Before I say anything know this; I know hardly anything about CSOR/JTF2, I'm not even in the military as of right now, so if I come across as ignorant in any way please let me know, it is not my intention.

I have a few questions related to CSOR and if any actual members could answer that would be incredibly appreciated.

First of all, I know I will make this team. Mainly because I have a very narrow minded attitude when it comes to things I want. I will work to no end until I reach my goals in life, no matter how long it takes. I only have one worry about joining spec ops, and it's not getting shot, or being away from home, but PTSD.
What kind of things am I going to be able to have to deal with? Yes I am aware of gunfights, seeing death etc. But really, what am I going to need to deal with that could possibly effect me? Give it to me straight with all bullshit aside

Second of all, my plan is to go Navy -> Boarding Party -> Tryout for CSOR as soon as possible (2 years service)
What kind of people does CSOR look for? I have heard that it does not matter which branch you take because the tests are for every member.
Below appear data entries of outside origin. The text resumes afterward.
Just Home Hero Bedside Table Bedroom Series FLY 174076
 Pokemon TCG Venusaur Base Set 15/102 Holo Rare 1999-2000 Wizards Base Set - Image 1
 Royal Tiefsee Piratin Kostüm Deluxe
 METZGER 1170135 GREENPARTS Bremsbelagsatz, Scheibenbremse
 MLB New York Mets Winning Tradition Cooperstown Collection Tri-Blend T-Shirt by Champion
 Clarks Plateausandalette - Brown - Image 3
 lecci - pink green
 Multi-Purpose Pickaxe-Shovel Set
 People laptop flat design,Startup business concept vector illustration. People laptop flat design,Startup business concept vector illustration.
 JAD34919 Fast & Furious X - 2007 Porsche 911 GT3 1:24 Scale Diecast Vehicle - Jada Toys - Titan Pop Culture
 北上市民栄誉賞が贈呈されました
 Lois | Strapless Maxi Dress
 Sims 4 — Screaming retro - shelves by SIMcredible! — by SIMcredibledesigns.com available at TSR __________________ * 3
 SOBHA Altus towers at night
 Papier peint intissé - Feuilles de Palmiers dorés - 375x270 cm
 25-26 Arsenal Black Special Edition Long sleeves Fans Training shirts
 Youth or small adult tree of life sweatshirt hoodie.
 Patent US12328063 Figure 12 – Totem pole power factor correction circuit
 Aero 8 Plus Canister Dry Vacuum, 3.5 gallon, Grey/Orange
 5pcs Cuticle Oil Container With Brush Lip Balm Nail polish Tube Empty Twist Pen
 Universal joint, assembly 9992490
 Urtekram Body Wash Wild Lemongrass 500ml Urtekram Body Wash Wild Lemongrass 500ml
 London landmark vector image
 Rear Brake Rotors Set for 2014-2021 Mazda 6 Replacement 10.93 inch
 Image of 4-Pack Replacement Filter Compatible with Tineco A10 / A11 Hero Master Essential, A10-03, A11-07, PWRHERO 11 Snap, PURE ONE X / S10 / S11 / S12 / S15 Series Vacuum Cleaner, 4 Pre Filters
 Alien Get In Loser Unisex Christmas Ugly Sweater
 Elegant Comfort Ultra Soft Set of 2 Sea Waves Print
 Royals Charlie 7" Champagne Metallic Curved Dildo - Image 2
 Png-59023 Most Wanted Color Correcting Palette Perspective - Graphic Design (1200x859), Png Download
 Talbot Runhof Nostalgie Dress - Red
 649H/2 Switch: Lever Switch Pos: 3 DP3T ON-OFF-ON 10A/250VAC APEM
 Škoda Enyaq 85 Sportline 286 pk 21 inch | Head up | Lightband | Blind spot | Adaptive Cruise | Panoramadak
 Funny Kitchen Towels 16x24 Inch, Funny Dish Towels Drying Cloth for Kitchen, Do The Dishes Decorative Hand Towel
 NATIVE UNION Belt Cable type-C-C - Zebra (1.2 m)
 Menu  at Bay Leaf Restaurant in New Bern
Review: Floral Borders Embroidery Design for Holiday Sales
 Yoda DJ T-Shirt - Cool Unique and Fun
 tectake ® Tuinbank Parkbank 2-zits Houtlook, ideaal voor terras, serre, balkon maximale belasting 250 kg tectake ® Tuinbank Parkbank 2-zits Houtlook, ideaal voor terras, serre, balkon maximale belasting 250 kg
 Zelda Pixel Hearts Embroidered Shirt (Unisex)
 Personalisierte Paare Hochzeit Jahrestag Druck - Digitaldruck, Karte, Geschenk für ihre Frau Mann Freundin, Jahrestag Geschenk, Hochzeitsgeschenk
That's all I have to say for now, I will be looking forward to all replies.

thank you.


----------



## mariomike (16 Jun 2014)

This may help.

Canadian Special Operations Regiment (CSOR)  
http://army.ca/forums/threads/35793.450


----------



## PuckChaser (16 Jun 2014)

tg0 said:
			
		

> Before I say anything know this; I know hardly anything about CSOR/JTF2, I'm not even in the military as of right now, so if I come across as ignorant in any way please let me know, it is not my intention.
> 
> Second of all, my plan is to go Navy -> Boarding Party -> Tryout for CSOR as soon as possible (2 years service)



If I had a dollar for every one of these threads, I wouldn't need to worry about mortgage payments....

Search. The. Forums. As much as you'd like to think so, you're not the first person who thinks they have what it takes despite having 0 experience to even have a clue as to what it takes. Your 2 year plan may not even be close to the 2 year plan the CAF has for you.

I'll even save you some searching on the forums: CSOR/JTF2 are not direct entry, ergo you should worry about passing BMQ, passing trades training, getting good at your job before you look to apply.


----------



## The_Falcon (16 Jun 2014)

Locked


----------